Another tenet of Buddhism is that because we try so hard to create permanence, which we can never really do, we suffer. We suffer the changes because as a human being we want to be happy and never sad, we hope to be successful and financially stable and never fail or be poor. We suffer because we blindly hold on to those things which we know we cannot hold. We suffer the day we begin to intellectualize things as a child and realize that we love life but that we will die. Everyone we love will die.

So having been thinking about this, I came to a conclusion? understanding? new way of living and dealing with the fact that Gregory is dead? Easily stated: Go with the changes. They are what they are and the only defense you have is how you think about them and how you react to them.

If you have "good," know that you may loose it but you get "good" back again in ways you might never have imagined. If you have "bad" it will pass also. Be careful not to allow yourself to hold on to "bad" in the name of seeking permanence of any kind. You would be amazed at how many people hold onto "bad" because it is a known entity and they still are trying for permanence (which never can  be achieved.)

My first thought is that Gregory's death is the one thing that is permanent, not always changing. Not being of this physical world any longer, change is not taking place. Some things are permanent for me, like never seeing him again, never kissing him again, never being able to hold his hand. No sharing of thoughts, no discussions, no arguments, no disagreements, no talking about recent adventures.

Yet I realized that in my memories and dreams I am still able to do all of these things and often in my dreams, they are so real I can feel him! I realized that even in death there is constant impermanence. Partly because I now hold Gregory in my heart, my memory, my thoughts ... as I change so does he. 

As my memory of events we shared together are revisited they will change. As I grow to be a new person each day, my relationship to Gregory as I see it will reflect the new person that I become, so there is impermanence there as well.

Also, who is to say that in his new place Gregory is not still changing, learning, progressing towards higher levels of love, compassion, and being?

On a day when I was particularly down (should I say depressed?) dealing with some of the more difficult times during Gregory's (our) journey with Alzheimer's, I had another realization. None of the difficult memories that I have are true anymore because they no longer exist for Gregory (or for me) so why do I allow them to continue to bother me, to add a measure of guilt for not having been better, at bringing me down today?
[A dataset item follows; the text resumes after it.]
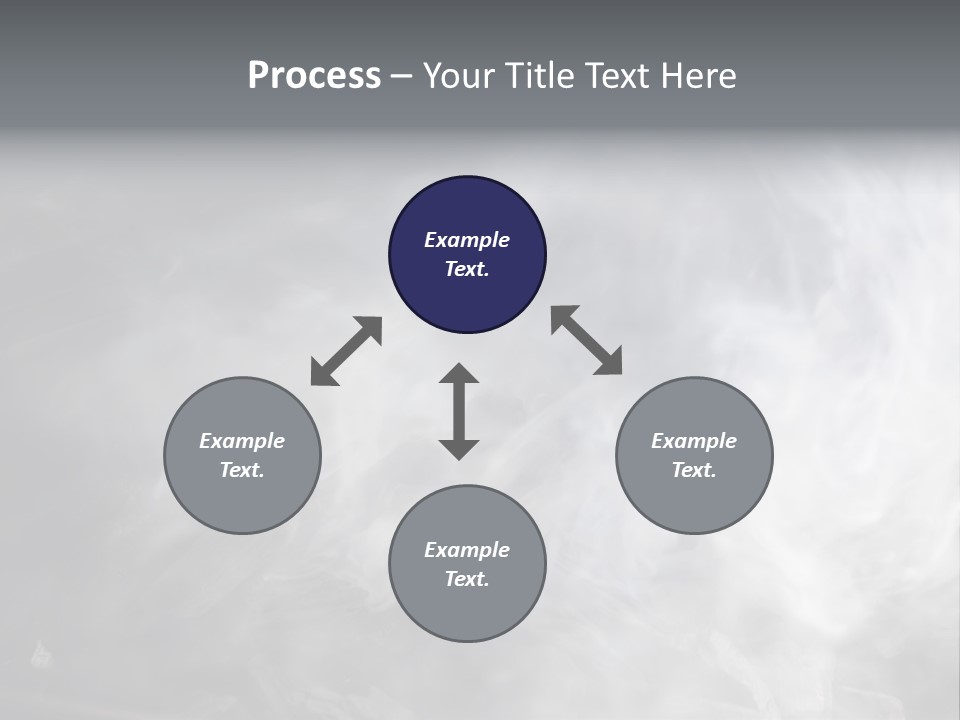 Mist Steam Pollution PowerPoint Template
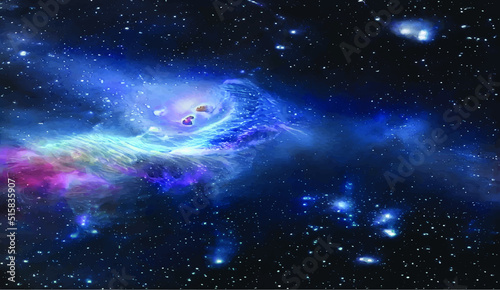 Space Galaxy Nebula 2022 Outer World,scifi game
Holding on to these difficult times memories serve no purpose, do not serve Gregory, and certainly do not serve me. So why hold on to them. Release them and work at only remembering the good, the joy, the what I call "Momentary Monumental Miracles." Remembering the good times during his 12-year journey helps. Towards the end of his illness; instances like Gregory spontaneously telling me he loved me, or thanking me and saying that I am a good person, or our laughing together, or his giving me the last kiss having been in a coma for three days; are the ones I'll hold on to. 

I can tell I am getting better at my grieving if only because I am only rarely OVERWHELMED with sorrow. Most often, I will look at his photograph and say out loud, "Gregory, I love you. What an ordeal we went through! But we made it, you and I, didn't we?"

And he replies, "Yes, we did. And we did it well!" 

1 comment:

  1. Beautifully said, Michael. Acknowledging and allowing and accepting the truth of impermanence is the work of a lifetime. Certainly the work of the living. Who knows, as you say, perhaps, too, still the work of those who have died. Accepting this truth isn't capitulation, but it can feel like it is. We cannot "force" accepting, we can only allow it to grow in us as we change (in each moment, each breath, as you say), and as we become more aware, and as we feel those fears hiding behind our resistance to change. Impermanence and loss and vulnerability and that feeling of helplessness in the face of all that ... no wonder we humans sometimes resist these truths! Grief does move in us, that process, too, is in permanent, as you say. But is love the balancing constant? Your piece suggests that. Thank you for your writing. J.T.